On the other hand, Pyongyang’s actions could serve as a wake-up call of sorts. “I’d like to think it reinforces efforts by the United States, China, and Russia to get serious about stopping proliferation,” says Wolfsthal.
What is Iran’s relationship with North Korea?
Although they have been grouped together by President Bush as an “axis of evil,” Iran and North Korea are not close partners. Iran, however, has bought North Korean weaponry in the past, including Shahab-3 long-range missiles, and Afrasiabi speculates it could purchase more in the future, “in which case its bargaining position in the ongoing negotiations will be somewhat enhanced.” Israeli officials have expressed concern that North Korea could transfer fissile materials and technology to Iran. Experts say their concern may be overblown. “We should keep it on the radar but it’s not terribly likely at this stage,” Ferguson says. “Iran wants its own indigenous capability to make fissile material.” Tehran did not condemn North Korea’s recent nuclear test, instead placing blame on Washington for its regime-change policy vis-à-vis North Korea.
How have negotiations with Iran differed from those with North Korea?
Experts say it is difficult to make comparisons between these two countries’ nuclear talks. North Korea has withdrawn from the NPT, is openly candid about its nuclear intentions, and always has been much further along the back end of the nuclear fuel cycle. That is, North Korea emphasizes a plutonium program, while Iran is putting most of its resources into uranium enrichment. Another distinction: Iran claims it is working within the legal framework of the NPT and repeatedly says it seeks nuclear energy for peaceful purposes only.
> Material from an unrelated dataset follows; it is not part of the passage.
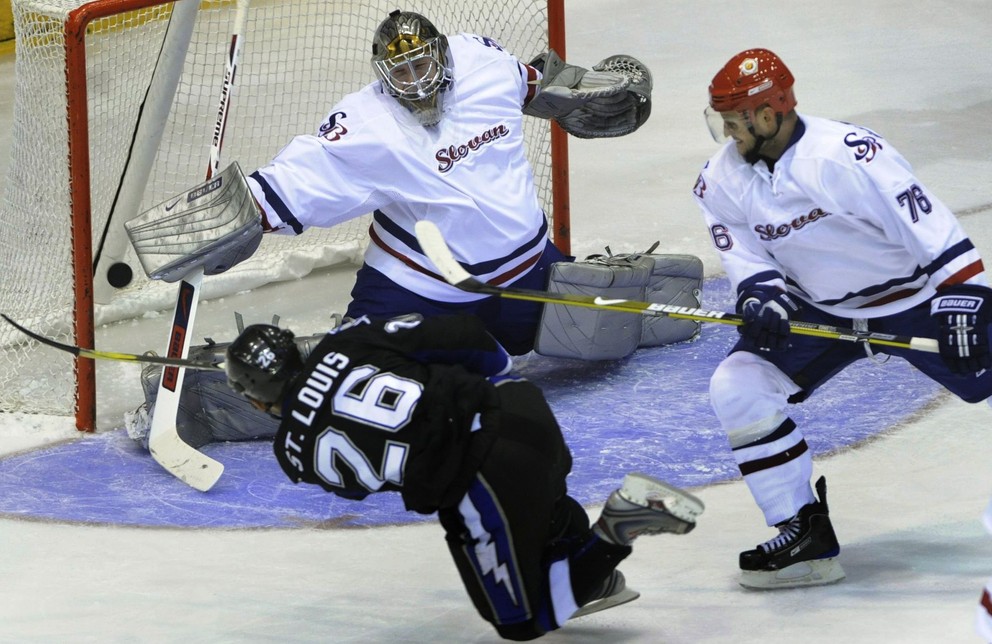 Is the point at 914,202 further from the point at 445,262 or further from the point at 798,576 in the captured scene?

The United States has negotiated with North Korea in the framework of Six-Party Talks but refrained from dealing directly with Iran. The lesson learned from negotiations with North Korea, which were successful in putting in place a nuclear freeze for much of the 1990s, says Nicholas Burns, is “we’re better off probably trying to strike at these problems diplomatically in the beginning phase, as we are in a relative sense with Iran, rather than ignore them, let them go, or be insufficiently unified so that we can’t be effective in blunting them.”